Confession of a Deathmaiden, by Ruth Francisco (Warner Books, paperback, $6.99, 0446614394), recommended by Jim Huang, The Mystery Company (Carmel, Indiana): A riveting, challenging and utterly original first novel about a "deathmaiden," a woman who helps ease a person into death. After she attends the death of a Mexican boy, Frances Oliver raises questions. Her quest for answers takes her on a surreal journey through a Mexico driven by poverty and revolutionaries. This mystery novel reads like no other, and it's striking for both its emotional and its intellectual weight. First published in 2003 in hardcover, this September 2004 reprint belongs to the one that almost got away category.

The Damascend Blade, Barbara Cleverly (Carroll & Graf, hardback, $25.00, 078671333X), recommended by Robin Agnew, Aunt Agatha's (Ann Arbor, Michigan): This is the third and strongest novel in Barbara Cleverly’s delightful Joe Sandilands series, set in 1922 India.
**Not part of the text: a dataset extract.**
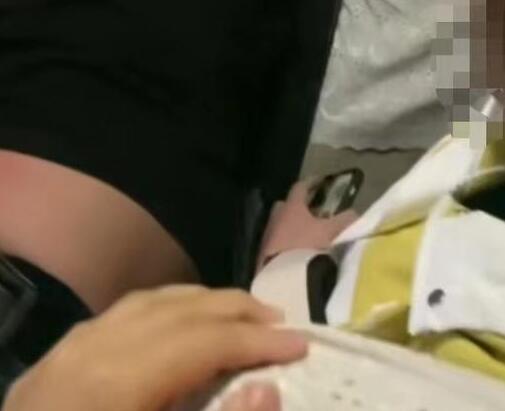 导游强制消费抢手机 女游客吓得大哭 内幕曝光简直太意外了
Joe investigates a murder which takes him off the British military base at the Afghanistan border and into the hills. The feeling of tension, racial and otherwise, of two different cultures colliding, paired with the descriptions of both the beauty and the desolation of the Afghan countryside make this book hard to put down, especially as it’s also a fiendishly clever whodunit. The strength of the characters, the setting, and a very specific time and place show off the gifts of this almost overly talented author.